On Sep 6, 2011, at 2:26 PM, Ned Freed wrote: I find it impossible to believe that this will not result in even more
hard-line positions on the part of some IESG members when something
with which they disagree is a candidate for PS. I see no way in which
the draft solves this problem, which remains one of its implicit
goals. I said before, I don't care if it is published, because I
think it will have little effect. But I think we'd better be prepared
for some IESG members to insist on the same high bar for PS that we
have under RFC 2026, regardless of what the RFC says.
+1
Best statement of the problem with this document that I've seen so far.
Except for one small problem: It's nonsensical. Why is it nonsensical? Because you're comparing the status quo with a possible future course of action. The one thing that's we can be certain of is things won't remain the same. They never do. So in order to make a reasonable comparison you have to project what's likely to happen if this document isn't approved, then compare that with what might happen if it is. And the future where this isn't approved is fairly easy to predict: As more and more documents become proposed standards and then fail to progress along the standards track - and the trend lines for this could not be clearer - we effectively move more and more to a one-step process.
Face it, we've effectively had a one-step process pretty much ever since 2026 was approved. For the most part, the documents that have advanced have been those that were buggy enough to need to be fixed, but not so buggy that they had to recycle at Proposed.

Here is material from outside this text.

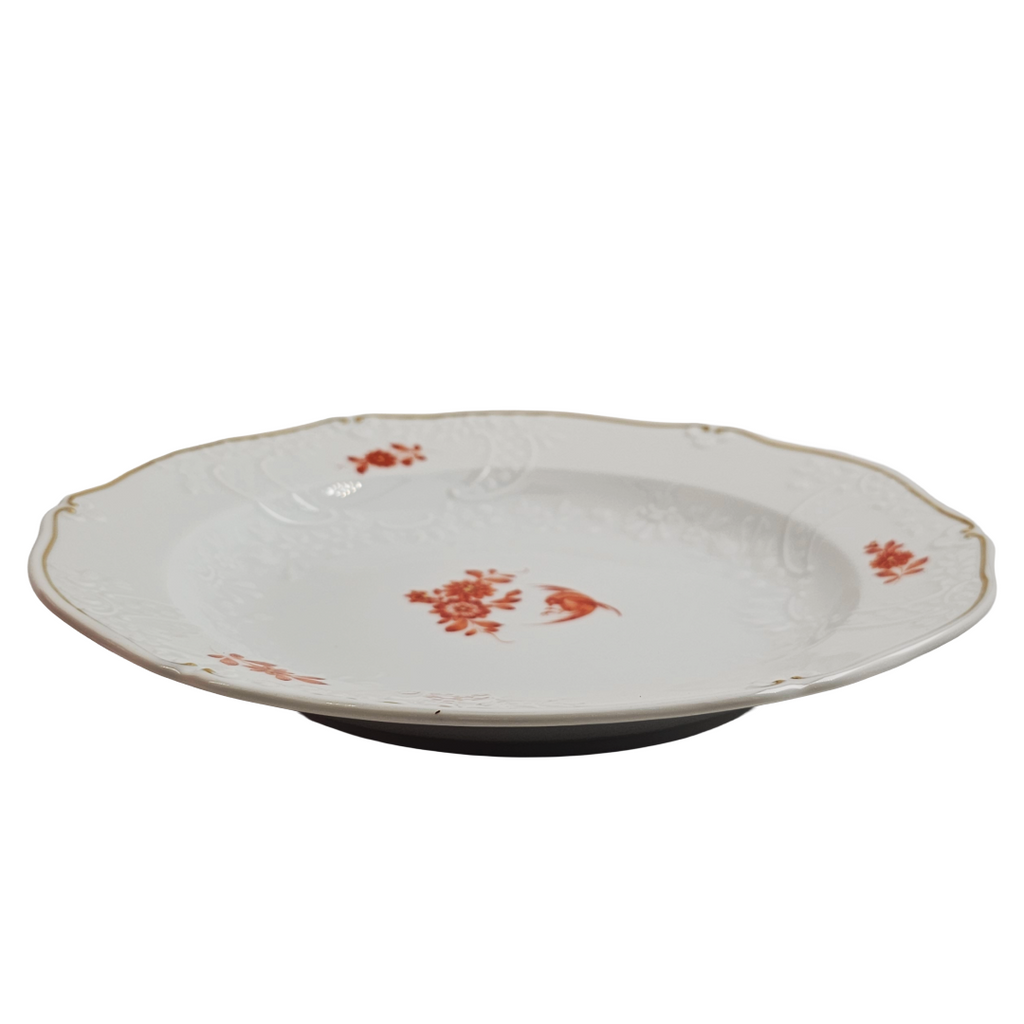 WWII Era Meissen German Porcelain Dessert Plate Red Pheasant Pattern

We've been using "advancement" as a proxy for "maintenance" for about as long as I've been in IETF. (Which is why what I think we need is to restructure our processes so that they actually are designed to _maintain_ our specifications rather than pretending that there's ever a situation when those specifications are "mature" in this constantly changing world.) The IESG has only one rational response to that: Continue to raise the bar on the initial step to proposed.
And that was indeed a perfectly rational, and reasonable, response. Nor is there anything that changing our process can really do about that, so long as our first publications intended for public consumption are labeled " ______ Standard" and as RFCs (as people think the latter means "standard" no matter how much we protest to the contrary). Changing what happens _after_ Proposed Standard and/or RFC publication will never address this problem. Will the imposition of a two step process change this? It certainly won't do so immediately, so the likely outcome is that yes indeed, the bar will continue to go up, at least initially, irrespective of whether or not this document is approved. But if more documents start advancing - and yes, that's an if - that will lessen the pressure on the initial step, and perhaps break the cycle we're currently stuck in.
You might turn out be right, but I don't see things happening that way. The reason is that I don't think that either implementors or the consumers of hardware and software that implement these protocols care about whether we label something as a Proposed Standard or an Internet Standard. Proposed Standards are still going to get implemented and widely deployed. And when they break, it's still going to be a big mess. IESG is still going to feel a responsibility to try to do something about it. As they should.
And please don't try trotting out a bunch of additional what ifs about how if this proposal fails we can then get past this distraction (or however you would characterize it) and address whatever it is you think the actual problems are.
The actual problem is that people think that deploying products based on Proposed Standards is a good idea, and our process doesn't consistently produce documents of sufficient quality to warrant that. There are two ways to fix that problem. One is to stop labeling our initially published specifications (intended for prototyping and testing) as either Proposed Standards or RFCs. The other is to impose more engineering rigor on the process that leads to the creation of Proposed Standards. Given the time that has gone into trying to make this one simple and fairly obvious change, if it fails, the odds of someone attempting even more fundamental changes are pretty darned low.
Except that, for some reason, the "obvious" change is obviously wrong to many of us.